New Haven’s student-run HAVEN Free Clinic will tackle mental health through a series of workshops to train and educate physicians and patients.

Yale student Abigail Greene MED ’20 and psychiatry professor Michelle Silva are creating a series of workshops to promote constructive conversations between providers and patients regarding mental health. The workshops, called Health ACT, were funded by the American Psychiatric Association Foundation Helping Hands Grant.

“We’re hoping to reach people who may not be comfortable with mental health,” Silva said. “It’s challenging to fully overcome that over the course of three sessions, but we hope that we can introduce new ideas and create curiosity so that people can begin conversations.”

Many patients only interact with the health care system through their primary care provider, even if they are struggling with behavioral health issues, Greene said. Primary care providers offer approximately half of mental health care for common psychiatric conditions, she continued.

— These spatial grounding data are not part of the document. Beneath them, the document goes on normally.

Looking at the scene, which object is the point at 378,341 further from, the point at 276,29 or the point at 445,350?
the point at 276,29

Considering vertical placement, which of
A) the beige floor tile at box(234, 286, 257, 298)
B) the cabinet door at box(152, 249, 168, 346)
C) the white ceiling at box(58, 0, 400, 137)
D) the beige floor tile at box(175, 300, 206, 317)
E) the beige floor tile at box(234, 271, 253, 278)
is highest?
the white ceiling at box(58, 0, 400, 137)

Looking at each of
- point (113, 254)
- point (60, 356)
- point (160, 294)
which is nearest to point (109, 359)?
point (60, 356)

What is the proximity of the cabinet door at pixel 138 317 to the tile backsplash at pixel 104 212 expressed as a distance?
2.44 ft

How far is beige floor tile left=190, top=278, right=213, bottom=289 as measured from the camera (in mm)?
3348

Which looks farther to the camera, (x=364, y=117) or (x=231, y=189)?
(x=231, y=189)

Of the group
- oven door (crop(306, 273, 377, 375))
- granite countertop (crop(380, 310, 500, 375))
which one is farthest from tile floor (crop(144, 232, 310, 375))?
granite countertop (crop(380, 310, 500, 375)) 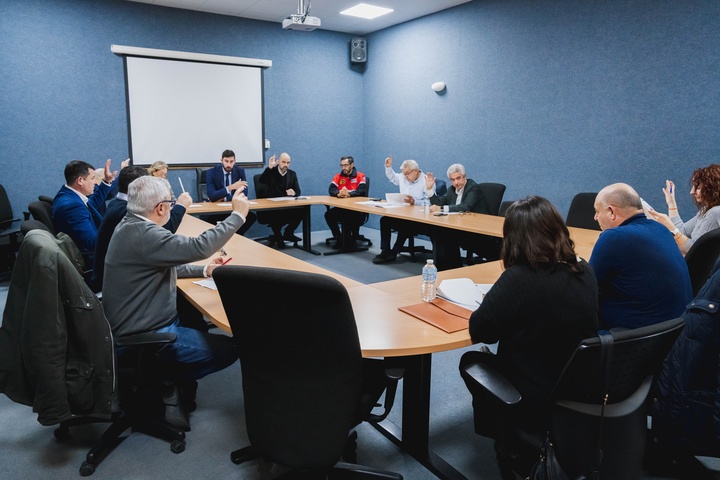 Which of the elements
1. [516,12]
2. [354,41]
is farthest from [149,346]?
[354,41]

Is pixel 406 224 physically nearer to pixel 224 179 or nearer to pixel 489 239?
pixel 489 239

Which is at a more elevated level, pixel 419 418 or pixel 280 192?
pixel 280 192

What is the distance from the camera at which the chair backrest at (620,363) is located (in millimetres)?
1282

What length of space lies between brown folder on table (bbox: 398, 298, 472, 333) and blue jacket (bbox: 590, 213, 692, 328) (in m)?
0.63

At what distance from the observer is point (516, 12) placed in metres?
5.44

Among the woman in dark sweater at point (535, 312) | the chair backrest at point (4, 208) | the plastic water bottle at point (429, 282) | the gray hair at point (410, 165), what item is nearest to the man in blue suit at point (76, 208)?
the chair backrest at point (4, 208)

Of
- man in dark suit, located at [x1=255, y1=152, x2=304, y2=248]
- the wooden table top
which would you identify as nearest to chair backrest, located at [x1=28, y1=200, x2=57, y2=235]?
the wooden table top

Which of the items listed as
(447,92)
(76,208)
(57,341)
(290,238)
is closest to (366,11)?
(447,92)

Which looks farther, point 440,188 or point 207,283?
point 440,188

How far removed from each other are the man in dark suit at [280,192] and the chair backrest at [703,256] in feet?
15.2

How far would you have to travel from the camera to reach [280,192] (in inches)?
256

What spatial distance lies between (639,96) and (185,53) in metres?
5.19

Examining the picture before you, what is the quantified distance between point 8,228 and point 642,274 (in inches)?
226

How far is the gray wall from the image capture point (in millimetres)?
4320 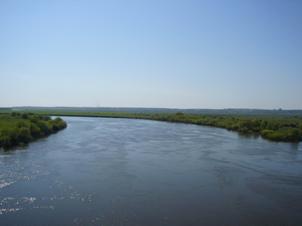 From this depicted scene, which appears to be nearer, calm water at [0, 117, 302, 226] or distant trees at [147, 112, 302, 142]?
calm water at [0, 117, 302, 226]

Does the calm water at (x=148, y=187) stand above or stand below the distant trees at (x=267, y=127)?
below

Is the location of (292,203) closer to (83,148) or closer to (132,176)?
(132,176)

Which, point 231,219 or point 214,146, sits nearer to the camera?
point 231,219

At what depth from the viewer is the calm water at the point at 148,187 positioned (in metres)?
A: 10.8

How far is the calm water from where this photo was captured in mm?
10844

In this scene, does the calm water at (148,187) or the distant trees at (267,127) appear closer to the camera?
the calm water at (148,187)

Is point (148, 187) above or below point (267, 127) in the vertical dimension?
below

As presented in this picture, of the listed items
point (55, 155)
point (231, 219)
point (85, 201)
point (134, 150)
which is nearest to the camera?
point (231, 219)

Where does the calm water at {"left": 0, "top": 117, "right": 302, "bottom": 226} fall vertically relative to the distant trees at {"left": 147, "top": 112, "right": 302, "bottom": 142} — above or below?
below

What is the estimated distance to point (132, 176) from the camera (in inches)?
633

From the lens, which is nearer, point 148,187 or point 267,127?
point 148,187

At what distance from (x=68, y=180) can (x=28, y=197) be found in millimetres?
2716

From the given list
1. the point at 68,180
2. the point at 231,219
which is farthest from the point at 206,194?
the point at 68,180

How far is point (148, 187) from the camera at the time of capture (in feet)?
46.4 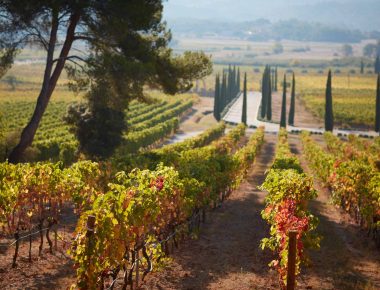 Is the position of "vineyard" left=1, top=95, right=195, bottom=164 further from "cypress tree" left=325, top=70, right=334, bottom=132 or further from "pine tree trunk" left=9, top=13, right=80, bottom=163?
"cypress tree" left=325, top=70, right=334, bottom=132

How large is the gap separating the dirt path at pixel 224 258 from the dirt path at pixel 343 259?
1191mm

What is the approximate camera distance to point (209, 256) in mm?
13336

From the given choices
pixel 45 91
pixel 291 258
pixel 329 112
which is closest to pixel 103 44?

Oftentimes, Greene said, patients are unwilling to bring up mental health concerns during a primary care visit due to the stigma surrounding mental illness. On the flip side, primary care practitioners may not be asking the right questions, Silva said. The workshops will create a space for practitioners and patients to learn how to discuss mental health together, she added.

“We want to empower patients to have these conversations with their providers and equip providers with the tools they need to have effective conversations with their patients,” Greene said. To get a patient to open up, the best thing a provider can do is just to be curious about their life, Silva said.

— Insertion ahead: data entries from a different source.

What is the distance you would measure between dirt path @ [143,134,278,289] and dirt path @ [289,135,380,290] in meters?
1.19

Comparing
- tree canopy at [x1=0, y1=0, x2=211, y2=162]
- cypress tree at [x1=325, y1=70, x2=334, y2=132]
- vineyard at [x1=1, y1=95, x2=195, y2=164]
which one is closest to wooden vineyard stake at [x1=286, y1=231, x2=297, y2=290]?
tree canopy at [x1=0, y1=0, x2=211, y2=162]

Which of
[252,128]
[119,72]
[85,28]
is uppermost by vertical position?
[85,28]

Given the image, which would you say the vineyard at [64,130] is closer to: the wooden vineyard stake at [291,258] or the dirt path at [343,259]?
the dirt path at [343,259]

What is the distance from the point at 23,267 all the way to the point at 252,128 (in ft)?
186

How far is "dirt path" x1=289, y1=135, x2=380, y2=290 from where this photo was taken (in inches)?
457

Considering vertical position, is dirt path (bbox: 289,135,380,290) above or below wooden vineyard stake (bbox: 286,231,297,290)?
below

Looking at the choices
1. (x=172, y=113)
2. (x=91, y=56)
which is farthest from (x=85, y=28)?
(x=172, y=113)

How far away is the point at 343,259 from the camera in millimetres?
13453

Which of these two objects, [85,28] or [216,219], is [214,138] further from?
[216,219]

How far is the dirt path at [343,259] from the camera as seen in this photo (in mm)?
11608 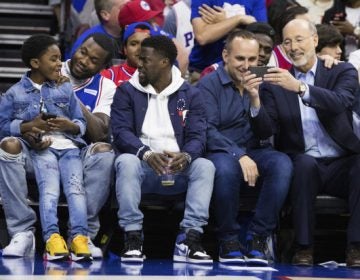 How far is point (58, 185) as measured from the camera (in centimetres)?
841

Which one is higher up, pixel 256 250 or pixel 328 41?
pixel 328 41

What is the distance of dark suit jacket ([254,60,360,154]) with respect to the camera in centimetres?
877

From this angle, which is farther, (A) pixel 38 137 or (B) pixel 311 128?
(B) pixel 311 128

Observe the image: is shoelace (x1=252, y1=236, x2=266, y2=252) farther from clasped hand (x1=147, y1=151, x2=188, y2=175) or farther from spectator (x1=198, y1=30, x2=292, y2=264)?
clasped hand (x1=147, y1=151, x2=188, y2=175)

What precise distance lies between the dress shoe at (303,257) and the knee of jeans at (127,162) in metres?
1.33

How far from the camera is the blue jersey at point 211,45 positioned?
34.4ft

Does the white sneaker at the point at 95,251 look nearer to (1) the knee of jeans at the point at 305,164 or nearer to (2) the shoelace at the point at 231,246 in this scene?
(2) the shoelace at the point at 231,246

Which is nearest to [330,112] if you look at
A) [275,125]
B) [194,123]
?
[275,125]

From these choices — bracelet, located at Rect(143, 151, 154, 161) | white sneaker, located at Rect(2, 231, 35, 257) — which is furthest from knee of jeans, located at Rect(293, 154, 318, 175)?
white sneaker, located at Rect(2, 231, 35, 257)

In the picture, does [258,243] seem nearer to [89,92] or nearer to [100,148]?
[100,148]

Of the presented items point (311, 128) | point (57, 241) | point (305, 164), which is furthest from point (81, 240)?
point (311, 128)

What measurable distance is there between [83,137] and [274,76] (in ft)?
5.02

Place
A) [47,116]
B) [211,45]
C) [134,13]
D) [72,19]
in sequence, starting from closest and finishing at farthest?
[47,116] < [134,13] < [211,45] < [72,19]

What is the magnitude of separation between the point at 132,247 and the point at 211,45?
2.80 m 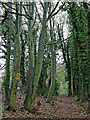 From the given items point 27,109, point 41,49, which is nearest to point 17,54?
point 41,49

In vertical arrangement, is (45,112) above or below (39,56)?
below

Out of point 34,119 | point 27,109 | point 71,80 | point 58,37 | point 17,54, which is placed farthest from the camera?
point 58,37

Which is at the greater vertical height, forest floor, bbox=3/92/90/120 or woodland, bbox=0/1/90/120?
woodland, bbox=0/1/90/120

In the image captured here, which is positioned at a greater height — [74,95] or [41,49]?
[41,49]

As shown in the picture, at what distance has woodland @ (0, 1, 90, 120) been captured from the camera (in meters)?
7.59

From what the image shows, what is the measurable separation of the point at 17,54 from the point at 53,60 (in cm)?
666

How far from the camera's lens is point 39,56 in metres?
8.86

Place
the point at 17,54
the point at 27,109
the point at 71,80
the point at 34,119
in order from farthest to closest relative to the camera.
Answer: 1. the point at 71,80
2. the point at 27,109
3. the point at 17,54
4. the point at 34,119

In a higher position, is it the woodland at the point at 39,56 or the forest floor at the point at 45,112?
the woodland at the point at 39,56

The workshop will comprise three sessions, Greene said. Care providers and patients will go through the first two sessions separately before coming together for the third. The first session will consist of general information on understanding and coping with mental illnesses. The second session will put the focus on communication and integrating behavioral health into primary care visits. And in the third session, patients will interact with providers and tell them exactly what their needs and priorities are, Greene said.

HAVEN will collect survey responses after each session to evaluate the program’s efficacy, Greene said. If the results are positive, HAVEN plans to redesign the workshop curriculum for other free clinics to use.

“We hope that this can be a program that can be generalized and scaled up into a curriculum that can be packaged and disseminated to many different populations in many different settings,” she said.

Many of the patients at HAVEN Free Clinic are immigrants or refugees, populations that are traditionally underserved in the health care realm, Greene added.

HAVEN started its behavioral health program in 2012 in response to the high volume of patients coming to the clinic who had to be referred elsewhere for mental health care. Many times, the referred institutions were not a good fit for the patient, Greene said.

Greene and Silva are partnering with Junta for Progressive Action, a group that works with Latino immigrants, and IRIS, an organization that supports refugees, Silva said. Since many of clinic’s patients speak Spanish, the workshops will use translators.

The Helping Hands grant program gives up to $5,000 to a medical school to address mental health or substance abuse in underserved minority communities.

In February 2018, Greene will present the workshops at the Society for Student Run Free Clinics Conference.

HAVEN was founded in 2004 by a group of Yale health professional students to provide primary care services free of charge to the uninsured population living in New Haven, according to Kaitlin Erickson NUR ’19, the executive director. The clinic was centered at Fair Haven Community Health Center until January, when it relocated to the Yale Physicians building to maintain its status as a free clinic.